• [TASK]: Emit the data below verbatim, stripping out any pictures.

• [DATA TO EXAMINE]:
◆ ◆ ◆ ◆ ◆
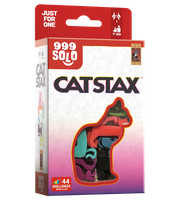 Een product uit de categorie Breinbrekers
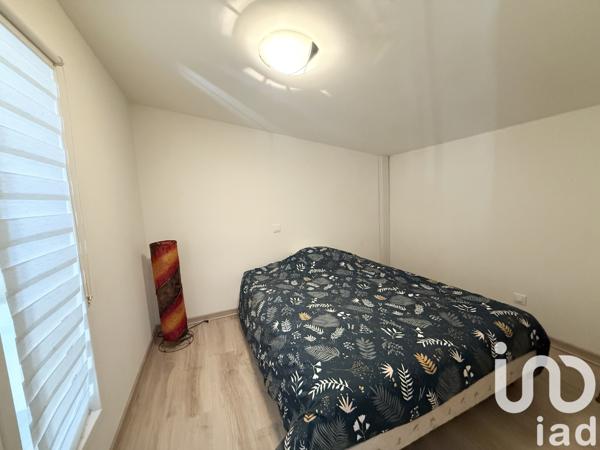 Maison à vendre 4 pièces 110 m² Mouleydier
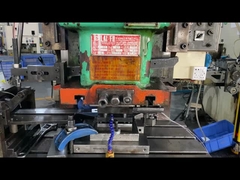 Προσαρμοσμένοι ακτινοβολητές ισχύος από κράμα αλουμινίου για αποθήκευση ενέργειας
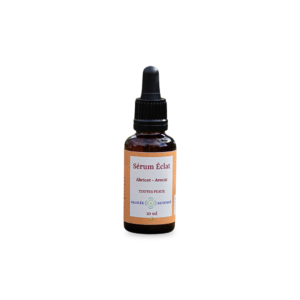 Sérum Éclat – Galilée Guyenne | Soin illuminateur naturel pour un teint radieux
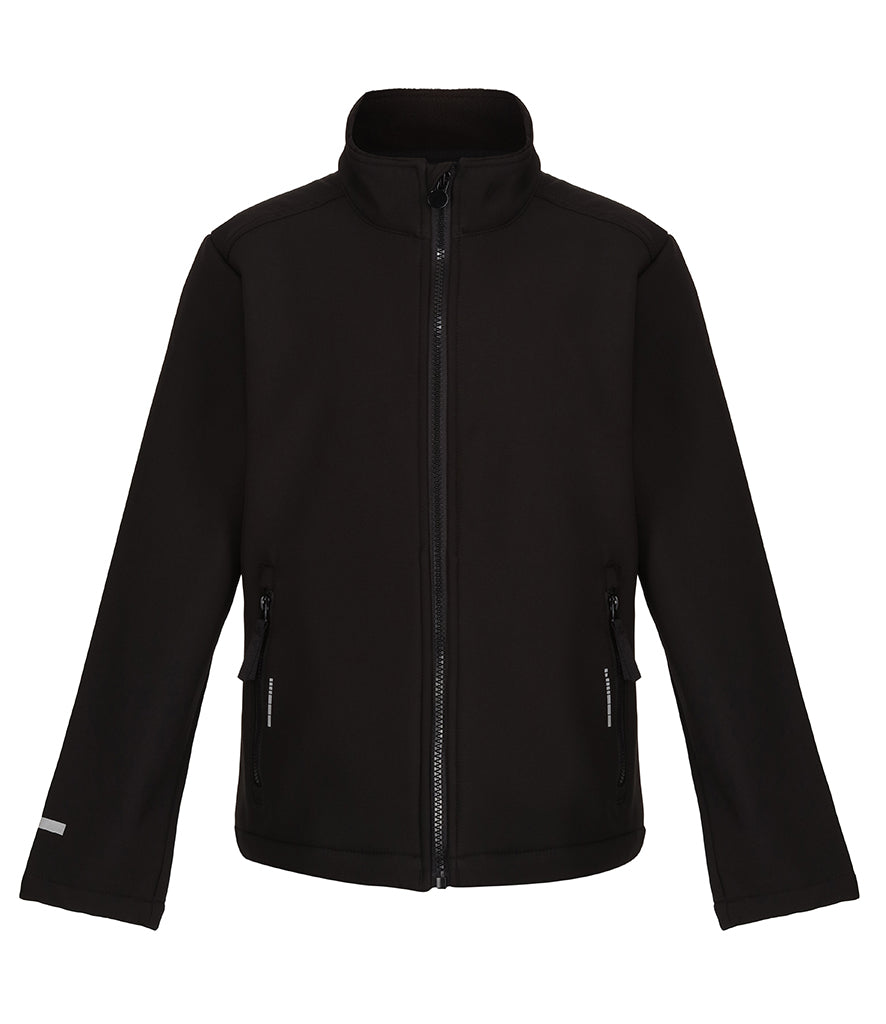 Softshell Jacket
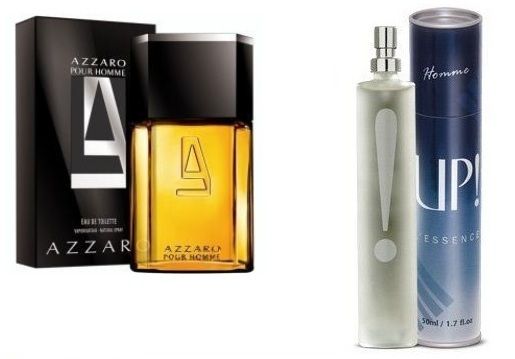 01. AZARRO (50ml)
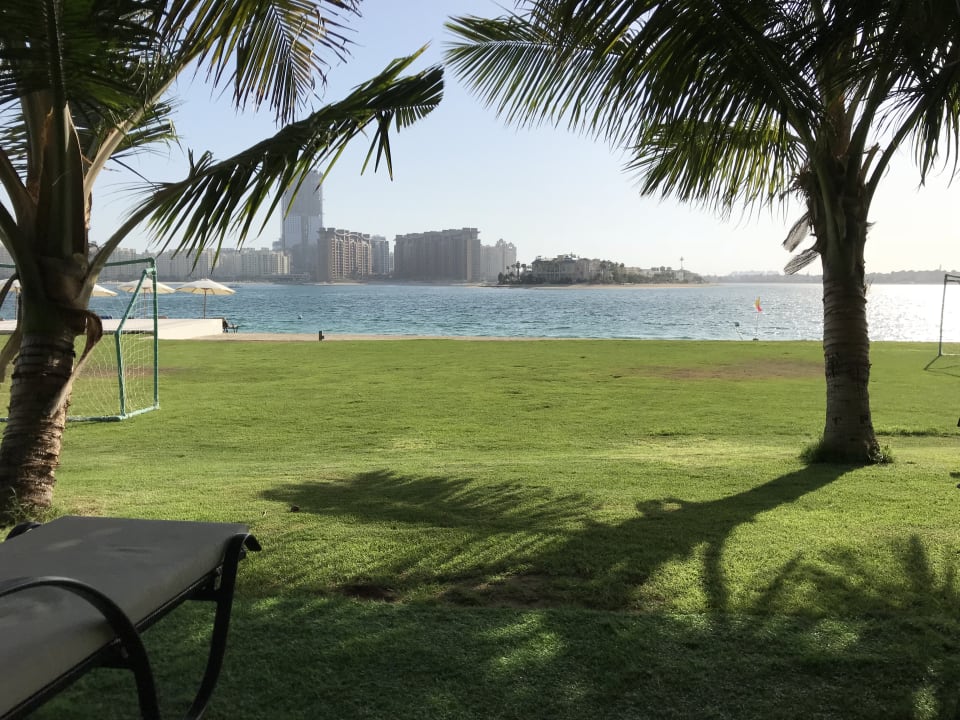 Strand Rixos The Palm Hotel & Suites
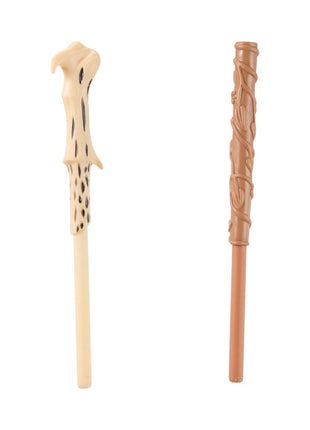 Harry Potter Wand Surprise Box Ballpoint Pen (4  Assorted Models) PDQ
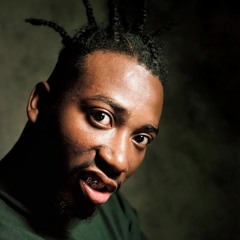 ODB - Shimmy Shimmy Ya (DJ Crumb Remix) Rough copy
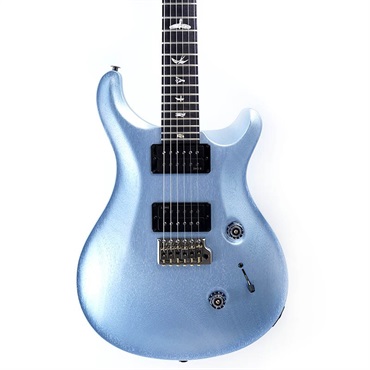 P.R.S. STANDARD 24 SATIN (Frost Blue Metallic) SN.0401584 画像10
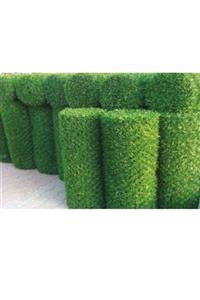 gardenworld Çim Çit Örgü Telli Bahçe Çiti 120 Cm X 70m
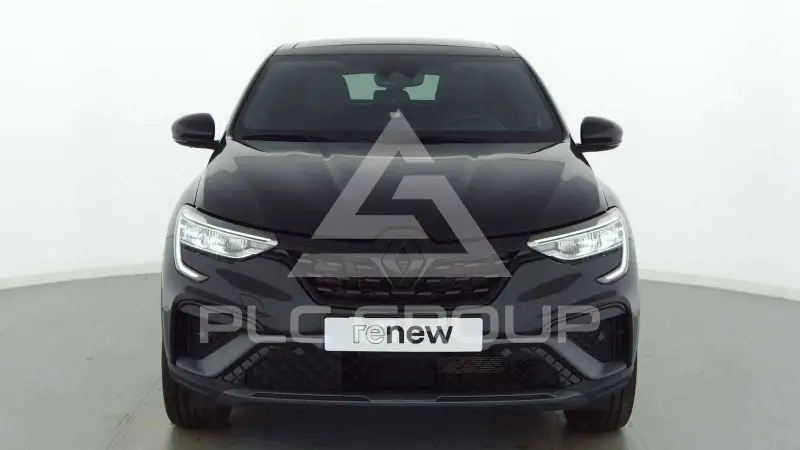 2023 Renault Arkana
◆ ◆ ◆ ◆ ◆
• [TASK RESPONSE]:
 Een product uit de categorie Breinbrekers
 Maison à vendre 4 pièces 110 m² Mouleydier
 Προσαρμοσμένοι ακτινοβολητές ισχύος από κράμα αλουμινίου για αποθήκευση ενέργειας
 Sérum Éclat – Galilée Guyenne | Soin illuminateur naturel pour un teint radieux
 Softshell Jacket
 01. AZARRO (50ml)
 Strand Rixos The Palm Hotel & Suites
 Harry Potter Wand Surprise Box Ballpoint Pen (4  Assorted Models) PDQ
 ODB - Shimmy Shimmy Ya (DJ Crumb Remix) Rough copy
 P.R.S. STANDARD 24 SATIN (Frost Blue Metallic) SN.0401584 画像10
 gardenworld Çim Çit Örgü Telli Bahçe Çiti 120 Cm X 70m
 2023 Renault Arkana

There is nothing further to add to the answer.